Gegrillt haben wir auch.

 Am 12.11. 2017 ab 10.00 Uhr geht es weiter.


----------



## Lajos1 (2. November 2017)

*AW: Hamburger Wurftage*

Hallo,

na, schönes Wetter habt ihr ja gehabt, war aber wohl recht kühl. Die Teilnehmer wirken etwas "unterkühlt".

Petri Heil

Lajos


----------



## Thomas E. (7. März 2018)

*AW: Hamburger Wurftage*

Hamburger Wurftag im Frühjahr !


 Am 25.03. wird u.a. der bekannte Trond Syrstad (LTS) aus Norwegen beim Werfertreffen anwesend sein.
 Trond wird sicher neben persönlichen Tipps auch eine Demo seiner Fertigkeiten mit Fliegengerät geben.

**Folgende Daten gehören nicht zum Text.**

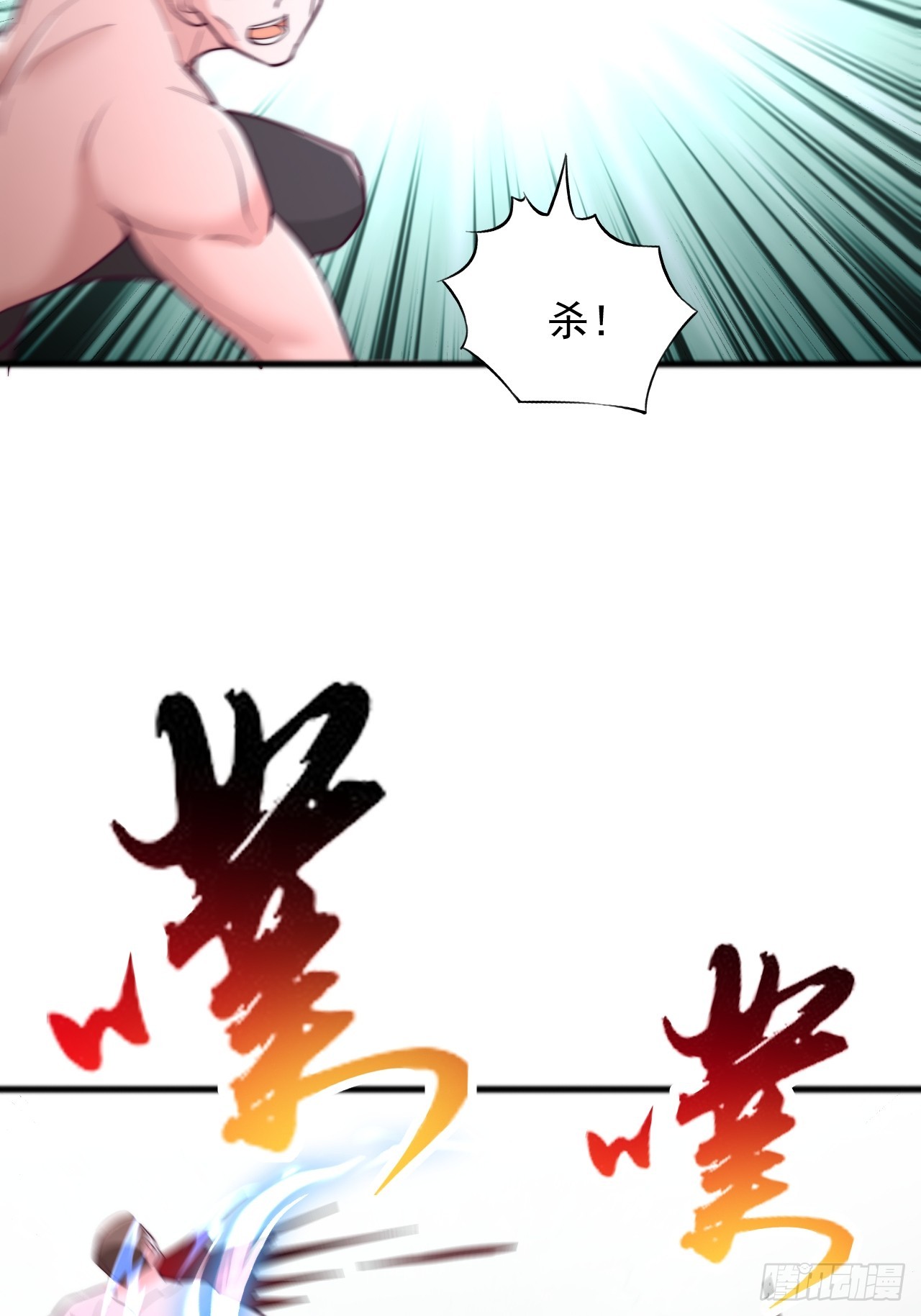 26.jpg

Sonst läuft alles wie immer, Kaffee wird gekocht, Würstchen oder anderes Grillgut müssen mitgebracht werden.


----------



## Hering 58 (8. März 2018)

*AW: Hamburger Wurftage*

Moin  Moin Thomas,  
Sind  am 11.03  auch Wurftage.


----------



## Thomas E. (8. März 2018)

*AW: Hamburger Wurftage*

Hallo,

wegen Eis nicht.

Aber an der Alster ist "ersatzweise":
https://www.facebook.com/events/154079175259105/

Ich werde da sein.


----------



## Lajos1 (8. März 2018)

*AW: Hamburger Wurftage*

Hallo,

na, dann viel Spass mit Theo.

Gruß

Lajos


----------



## Hering 58 (8. März 2018)

*AW: Hamburger Wurftage*

Hallo Thomas,
ist es da: Kaemmererufer 25, 22303 Hamburg.


----------



## Thomas E. (8. März 2018)

*AW: Hamburger Wurftage*

Ja,

denke ich doch.


----------



## Hering 58 (8. März 2018)

*AW: Hamburger Wurftage*

Ist notiert,wenn alles klapp werde ich da mal aufschlagen.#6


----------



## Hering 58 (10. März 2018)

*AW: Hamburger Wurftage*

Wer ist morgen auch dabei ,bei den Hamburger Wurf tage ?


----------



## Hering 58 (11. März 2018)

*AW: Hamburger Wurftage*

War heute bei dem Hamburger Wurf-tage und es war super.Viele nette Leute getroffen, waren alle sehr hilfsbereit.Hab auch ein paar Worte mit Thomas E. geschnackt. Wenn ich es hinkriege bin ich am 25.03.wieder dabei.


----------



## Thomas E. (12. März 2018)

*AW: Hamburger Wurftage*

Moin, 

das war "Solitip an der Alster."
Nette Location.

Am 25.03. dann wieder der HH- Wurftag, wie gewohnt im Naturbad Kiwittsmoor, 
 Hohe Liedt 9, 22417 Hamburg.
Ab 10.00 Uhr.

Hartmut, dann könnte es ja für Dich mal zum praktischen Teil übergehen.


----------



## Hering 58 (12. März 2018)

*AW: Hamburger Wurftage*

Thomas,das kriegen wir hin.:q


----------



## nobbi1962 (12. März 2018)

*AW: Hamburger Wurftage*

in dem Moorbad hab ich mal schwimmen gelernt


----------



## Hering 58 (12. März 2018)

*AW: Hamburger Wurftage*



nobbi1962 schrieb:


> in dem Moorbad hab ich mal schwimmen gelernt



Mach mir jetzt keine Angst.:m


----------



## nobbi1962 (12. März 2018)

*AW: Hamburger Wurftage*

da waren noch am rand die alten holzdalben , an die becken, da muß ich ja auch mal  gucken.


----------



## Hering 58 (16. März 2018)

*AW: Hamburger Wurftage*



nobbi1962 schrieb:


> da waren noch am rand die alten holzdalben , an die becken, da muß ich ja auch mal  gucken.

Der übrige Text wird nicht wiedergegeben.